One of the reasons to come to Cerro Negro, which is has been an inactive volcano since the early 1990’s, is for sandboarding. It is possible to rent equipment and toboggan down the side of the volcano, it sounded rather fun. It is also possible to camp in the park, but it costs $10 and is further from the facilities. It is completely worth it though, despite one gnarly section of road, we made it to the ash field where you can camp at the base. With the views out to the coast and the green jungle set against the black lava field it is a beautiful place. It was a clear bright night and we sat by a small campfire for the first time in a longtime, admiring the stars.

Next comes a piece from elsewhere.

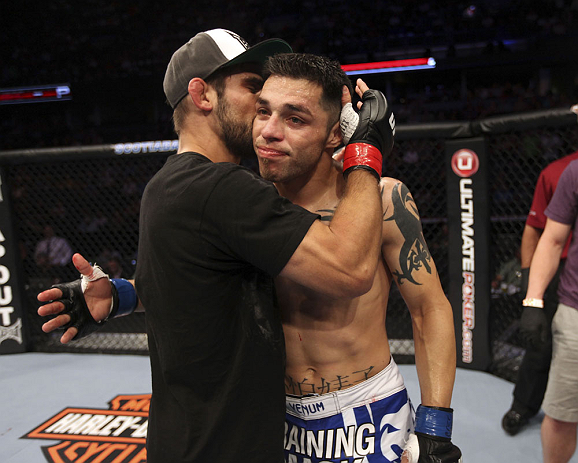 CALGARY, CANADA - JULY 21: (L-R) Antonio Carvalho hugs Daniel Pineda after Pineda was defeated by knockout in the first round during their featherweight bout at UFC 149 inside the Scotiabank Saddledome on July 21, 2012 in Calgary, Alberta, Canada.  (Photo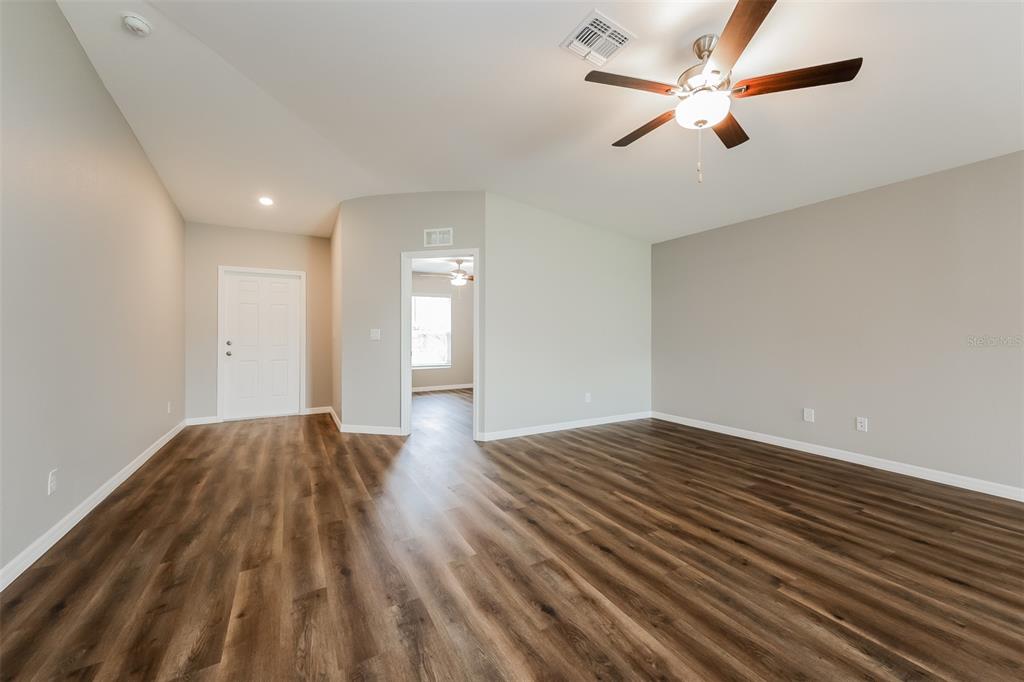 An empty room with wood-look flooring, a ceiling fan, and a doorway leading to another room — 3637 STARBOARD AVENUE, NORTH PORT, FL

I carried out some necessary maintenance while the cats bemoaned the lack of vegetation. Sadly, as alway, the weather changed and we sought shelter in the campers. Still a short lived fire was better than nothing!
After a beautifully quiet night, we walked down to the office to rent some equipment. They provide you with gloves, goggles and overalls as well as the board. We then began the hike up to the top. It’s not particularly long, but the sun was already beating down and the bleak landscape of the volcano offered no shade. The board had felt pretty light at first, but started to feel heavier pretty quickly. We stopped for a couple of breaks on the way up.
It was an incredible view from the top, as we walked around first to see the crater.
Then we grabbed our boards and began to put on our overalls. It was pretty hot to be covering yourself in a massive denim onesie, but no doubt we would be glad of the protection by the time we reached the bottom. Another group was only just behind us and so we decided to get on with it so we didn’t have to share the space. It looked a little worrying from the top, a very steep hill confronted us. Lee went first., volunteering to ‘risk his life’ for the group. But after seeing him trying to actually get enough speed to keep going it didn’t seem so daunting. You really do need a very steep hill to gain enough momentum to keep moving against friction of deep sand. The boards are also very hard to control, we understood why we had seen so many people fall off as we had watched yesterday, from the safety of the campers.
All in all, it wasn’t quite fast enough for me, but it was fun nonetheless. If it hadn’t been quite so hot, I would have walked up for another go but by now the midday sun reflected back at us off the black rocks and the idea was not appealing. Instead, we decided that it was time to move on.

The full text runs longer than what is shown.